#### WORK TO BE COMPLETED:
From top to bottom, retype the data exactly, passing over any picture.

#### RAW DATA:

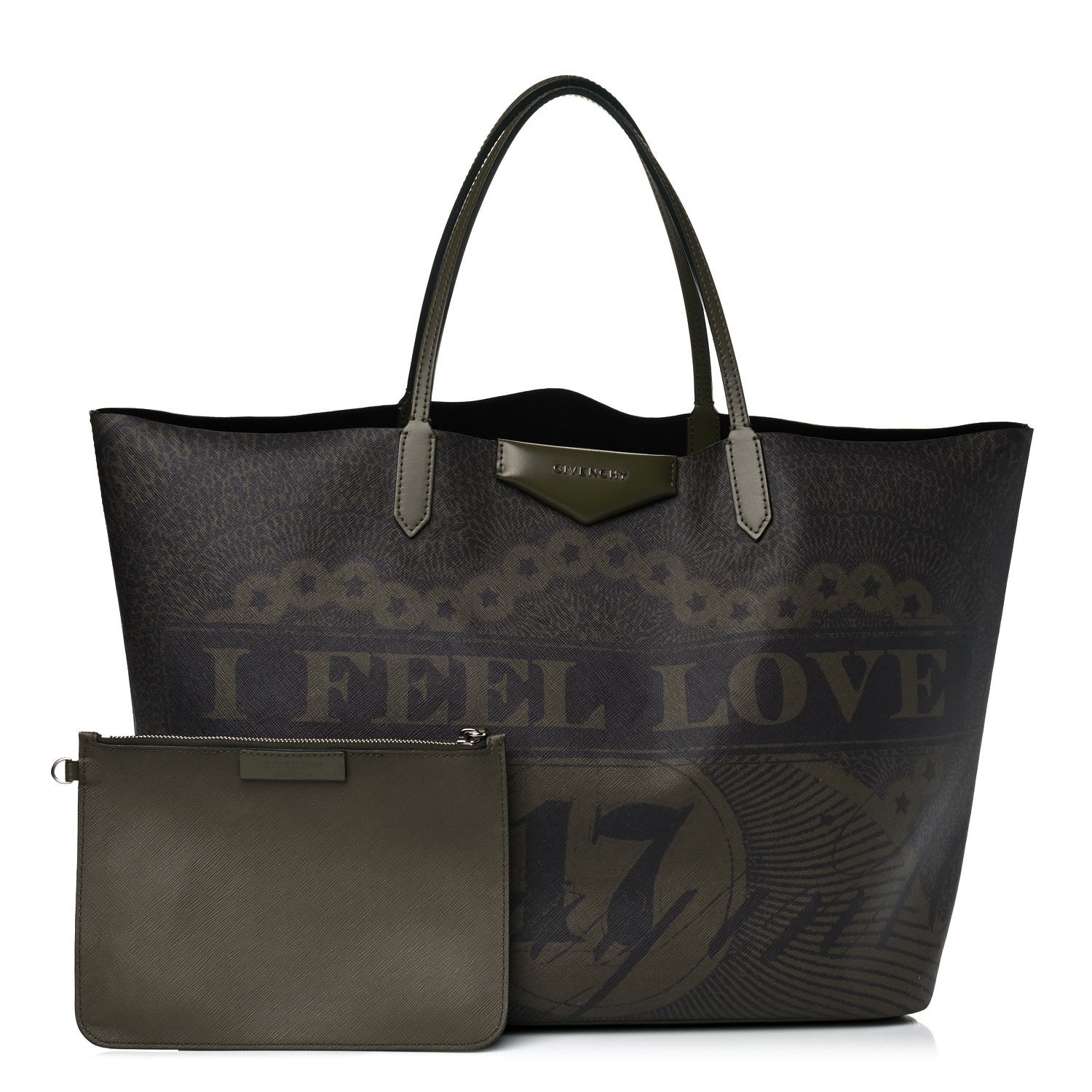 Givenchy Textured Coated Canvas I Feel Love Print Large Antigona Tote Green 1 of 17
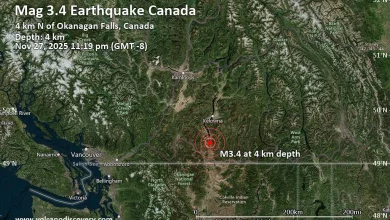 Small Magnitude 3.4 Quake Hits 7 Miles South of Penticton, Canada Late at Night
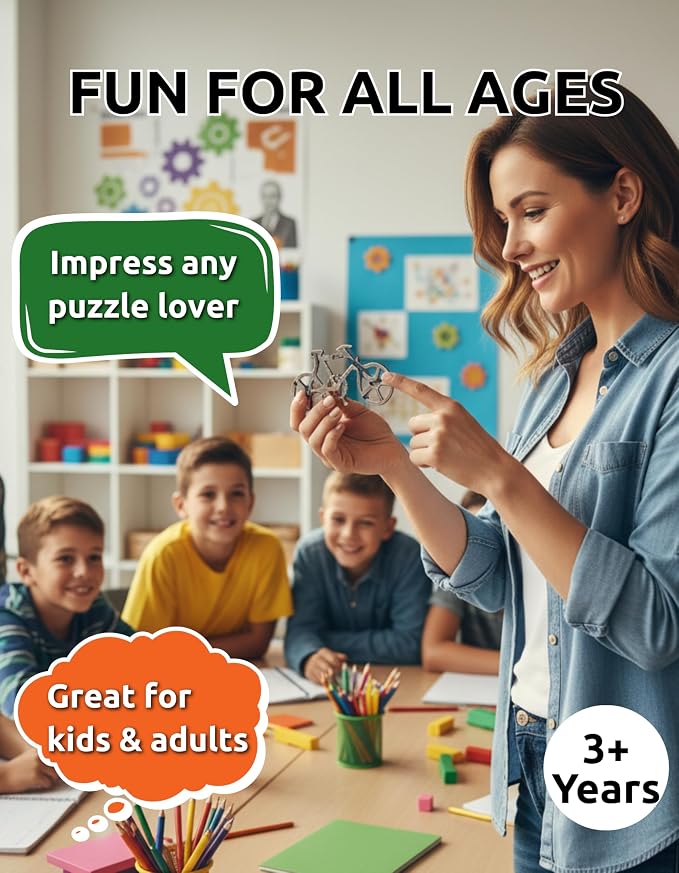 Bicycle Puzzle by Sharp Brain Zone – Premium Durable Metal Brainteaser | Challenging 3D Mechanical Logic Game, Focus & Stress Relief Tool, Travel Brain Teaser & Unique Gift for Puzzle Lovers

#### SOLUTION:
 Givenchy Textured Coated Canvas I Feel Love Print Large Antigona Tote Green 1 of 17
 Small Magnitude 3.4 Quake Hits 7 Miles South of Penticton, Canada Late at Night
 Bicycle Puzzle by Sharp Brain Zone – Premium Durable Metal Brainteaser | Challenging 3D Mechanical Logic Game, Focus & Stress Relief Tool, Travel Brain Teaser & Unique Gift for Puzzle Lovers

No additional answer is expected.